Allegory works well when handled with skill, but it’s rarely a good idea to do it in an established universe. When one brings allegory into, say, The Lord of the Rings, one stops thinking about the characters themselves, but about what they represent. If we equate Sauron with Hitler, we cannot think of Sauron as a character in his own right, but as a “stand-in” for a historical figure. Then you start applying it everywhere–the One Ring as the Atomic Bomb, the Valar as the non-interventionist United States, Tom Bombadil as the spirit of the British Empire–and when that happens, you might as well just be talking about the Second World War.

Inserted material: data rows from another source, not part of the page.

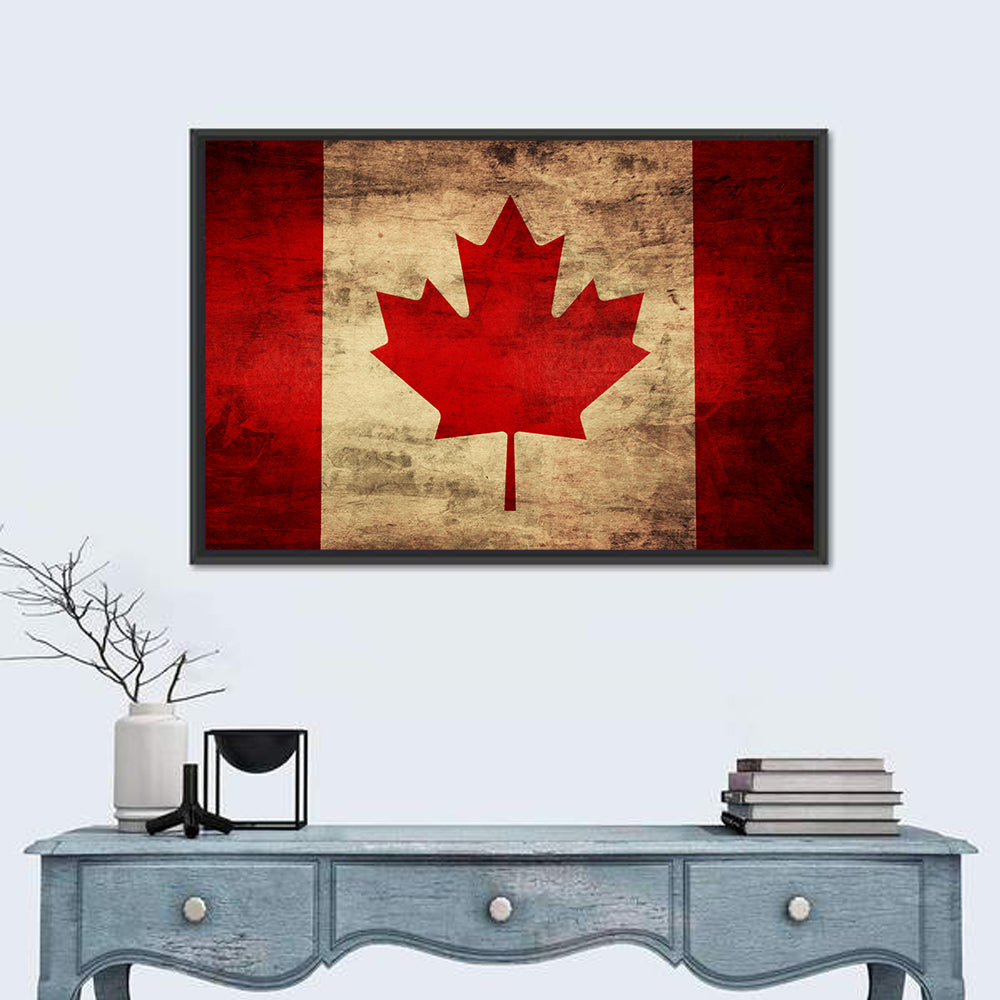 Grunge Canadian Flag Wall Art in a room, landscape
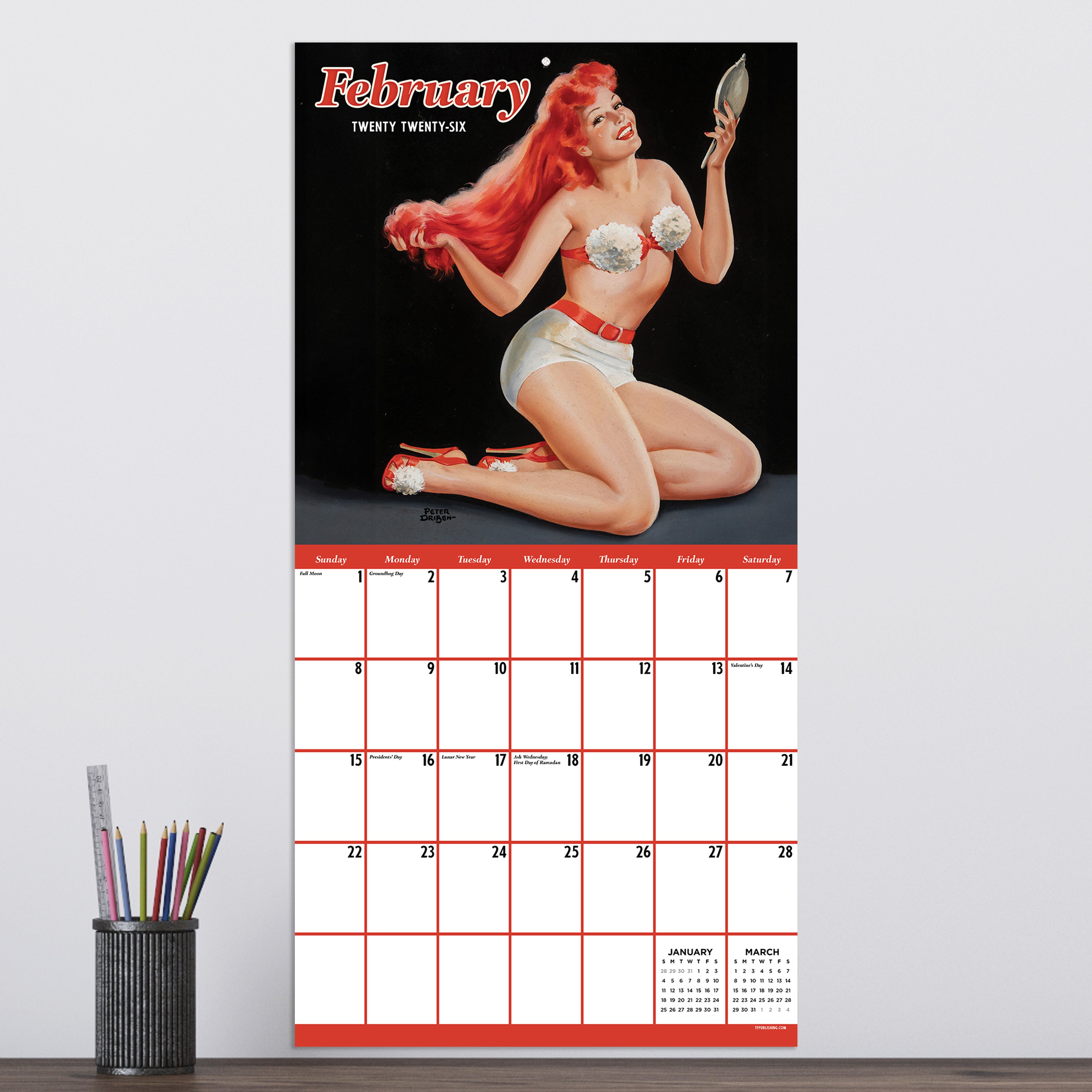 2026 PinUps - Square Wall Calendar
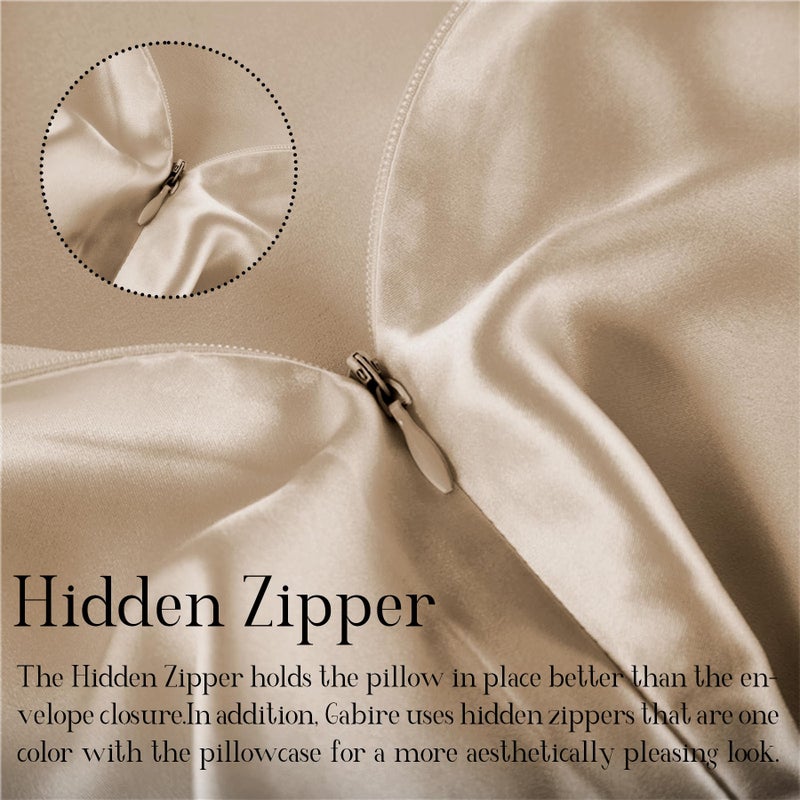 Gabire Mulberry Silk Pillow Case for Hair and Skin Prevent Acne Pillowcases Both Sides Real Silk Pillowcases Organic Silk Pillowcase with Hidden Zipper  Champagne  Queen (20""?30"") - Image 4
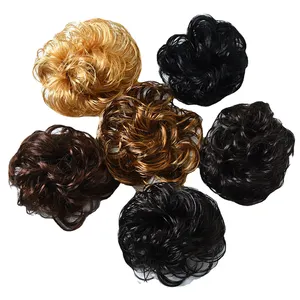 Diskon besar rambut sintetis Bun donat rambut Chignon Dome rambut kualitas baik dan harga terhubung rambut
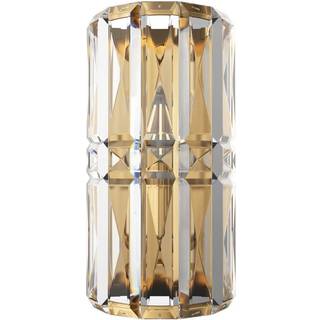 Maytoni Facet væglampe, højde 25 cm, guldfarvet, glas, E14
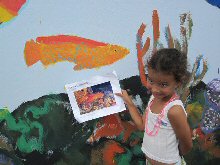 Wyland Wall, Antigua Special Projects: EVEN  the  "tiny tots"  got to paint.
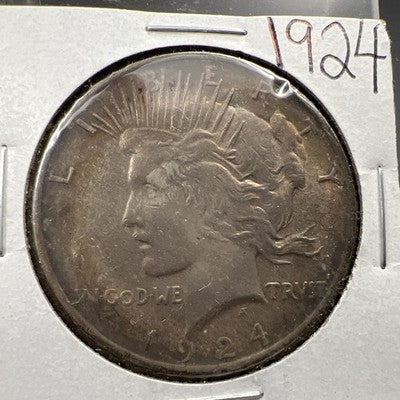 1924 $1 Peace Silver Dollar Coin CH XF Neat Toning Toner Circ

In the same way, the Vietnam allegory of Conan the Hero destroys not only the suspension of disbelief, but the independent actuality of the characters. Most damning of all is how it wreaks havoc with Howard’s setting and characters: how could the warlike, imperialist Turan have an “anti-war” movement when they’ve been conquering half the east without incident? If Turan had a “Council of Seers” who could control armies like they were playing Command & Conquer, why do we never see or hear of them before or since? Considering its apparent importance in eastern politics, how come we never hear about “Venjipur” in “The People of the Black Circle” or the other Turanian stories? All changes made to accommodate the Vietnam allegory, rather than complementing Howard’s Hyborian Age.

Still, it doesn’t sound nearly as bad as Conan of Venarium, but I don’t think anything could usurp Turtledove’s monsterpiece.